**Task details**
Span requested from the data below: the line with "英国オークソリッド 3ドア・サイドボード&ドレッサー 英国オークソリッド" through the line with "Galatasaray ve Trabzon'dan büyük karşılaşma", both included. Give only these lines again, exactly, and leave every picture out.

**Extracted information**
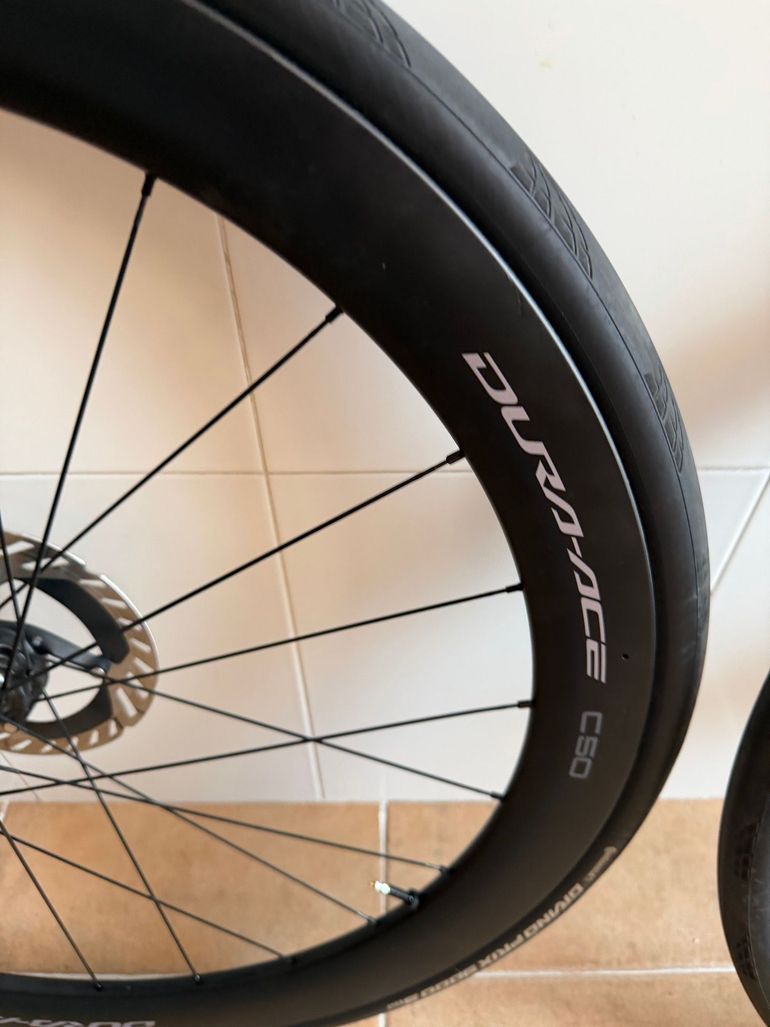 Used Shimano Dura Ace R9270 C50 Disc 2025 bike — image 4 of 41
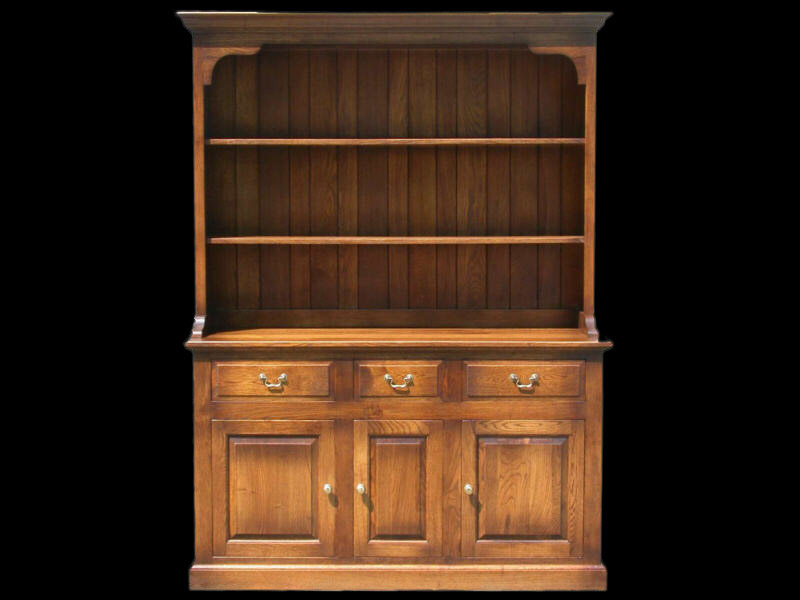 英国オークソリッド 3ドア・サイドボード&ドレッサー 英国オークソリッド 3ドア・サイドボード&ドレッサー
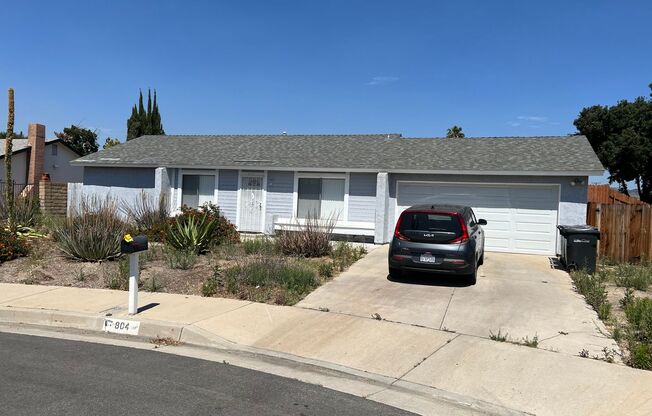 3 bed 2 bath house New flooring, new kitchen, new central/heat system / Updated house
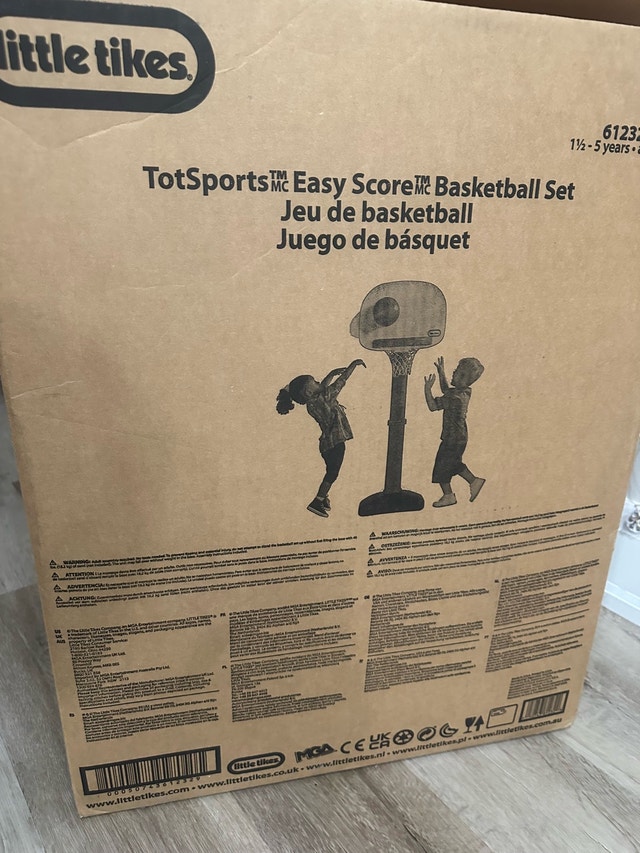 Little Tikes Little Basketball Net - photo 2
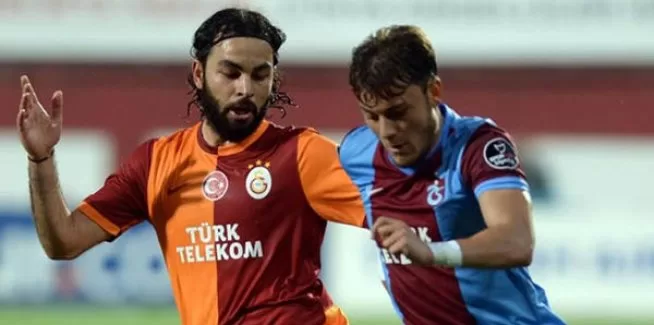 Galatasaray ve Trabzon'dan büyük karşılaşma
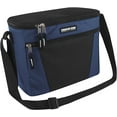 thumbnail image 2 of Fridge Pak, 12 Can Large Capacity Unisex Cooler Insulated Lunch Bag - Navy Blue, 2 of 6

---

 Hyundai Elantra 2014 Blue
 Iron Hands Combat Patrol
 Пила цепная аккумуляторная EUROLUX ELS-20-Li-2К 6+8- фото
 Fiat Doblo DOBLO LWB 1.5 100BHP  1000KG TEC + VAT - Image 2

**Your solution**
 英国オークソリッド 3ドア・サイドボード&ドレッサー 英国オークソリッド 3ドア・サイドボード&ドレッサー
 3 bed 2 bath house New flooring, new kitchen, new central/heat system / Updated house
 Little Tikes Little Basketball Net - photo 2
 Galatasaray ve Trabzon'dan büyük karşılaşma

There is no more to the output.